GOAL OF THE EXERCISE » Please take the lines from the one holding "USS Dixon AS 37 Personalized Navy Ship Photo" through the one holding "NJ license plate B73PRA" in the data below and copy them exactly.

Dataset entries
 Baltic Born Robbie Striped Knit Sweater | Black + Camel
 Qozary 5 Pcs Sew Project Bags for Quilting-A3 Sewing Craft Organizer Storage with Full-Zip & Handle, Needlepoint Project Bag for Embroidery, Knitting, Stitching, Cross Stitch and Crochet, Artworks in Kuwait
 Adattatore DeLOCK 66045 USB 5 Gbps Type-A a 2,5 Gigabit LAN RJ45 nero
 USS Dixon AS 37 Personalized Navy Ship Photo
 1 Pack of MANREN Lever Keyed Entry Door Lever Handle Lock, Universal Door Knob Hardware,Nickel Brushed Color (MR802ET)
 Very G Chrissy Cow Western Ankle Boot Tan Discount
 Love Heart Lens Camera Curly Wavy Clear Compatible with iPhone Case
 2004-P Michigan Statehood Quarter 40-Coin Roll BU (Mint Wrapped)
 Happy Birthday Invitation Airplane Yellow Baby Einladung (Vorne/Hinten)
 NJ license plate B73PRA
* * *
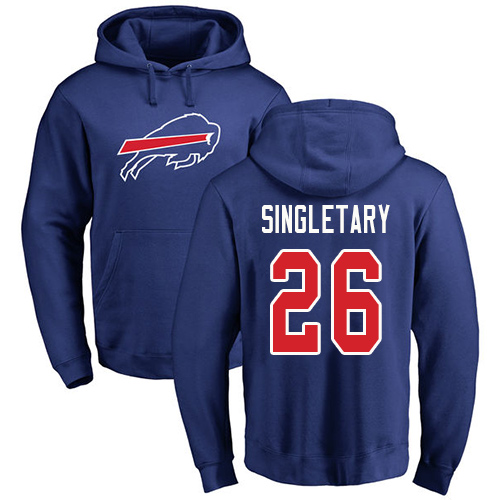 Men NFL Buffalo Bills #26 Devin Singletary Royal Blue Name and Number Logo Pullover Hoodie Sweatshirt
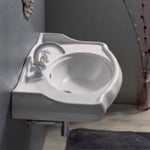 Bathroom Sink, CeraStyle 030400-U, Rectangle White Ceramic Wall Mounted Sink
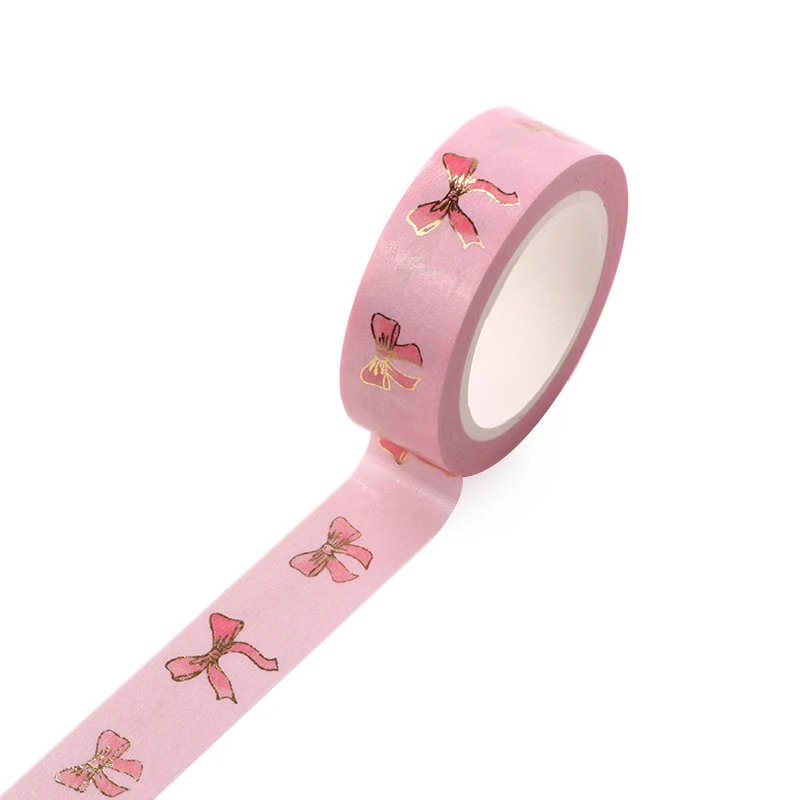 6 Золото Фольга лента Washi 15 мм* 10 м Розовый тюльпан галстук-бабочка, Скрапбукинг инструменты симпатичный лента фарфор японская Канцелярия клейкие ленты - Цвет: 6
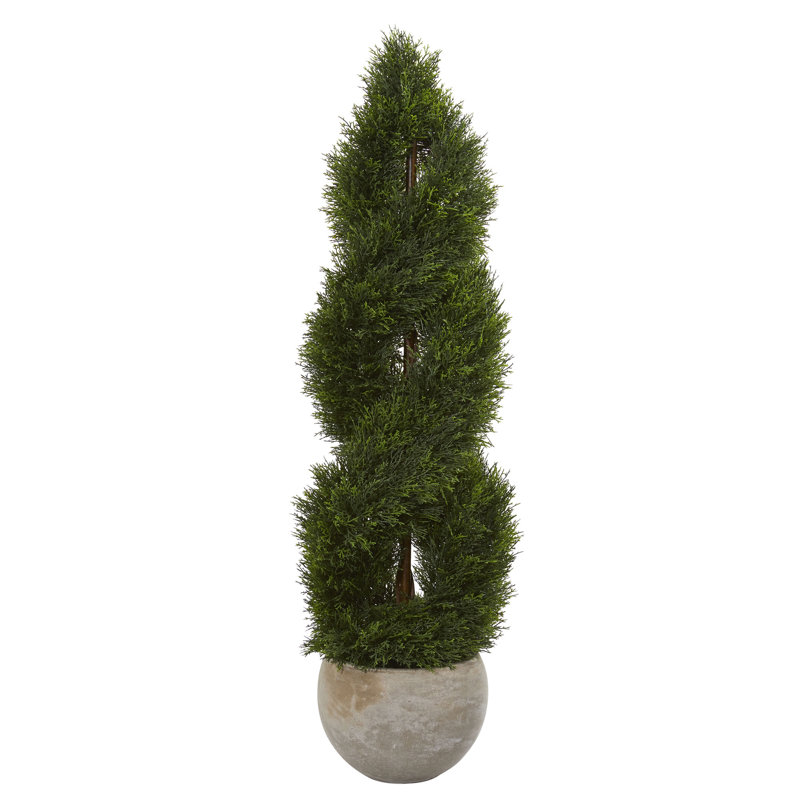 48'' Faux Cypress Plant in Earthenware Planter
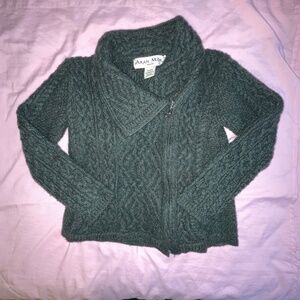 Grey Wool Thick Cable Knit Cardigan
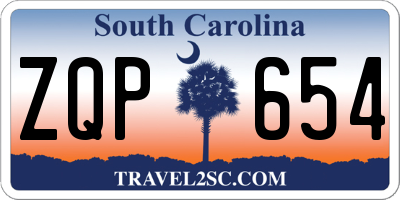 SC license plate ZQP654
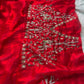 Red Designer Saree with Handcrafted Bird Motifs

RESULT OF THE TASK »
 USS Dixon AS 37 Personalized Navy Ship Photo
 1 Pack of MANREN Lever Keyed Entry Door Lever Handle Lock, Universal Door Knob Hardware,Nickel Brushed Color (MR802ET)
 Very G Chrissy Cow Western Ankle Boot Tan Discount
 Love Heart Lens Camera Curly Wavy Clear Compatible with iPhone Case
 2004-P Michigan Statehood Quarter 40-Coin Roll BU (Mint Wrapped)
 Happy Birthday Invitation Airplane Yellow Baby Einladung (Vorne/Hinten)
 NJ license plate B73PRA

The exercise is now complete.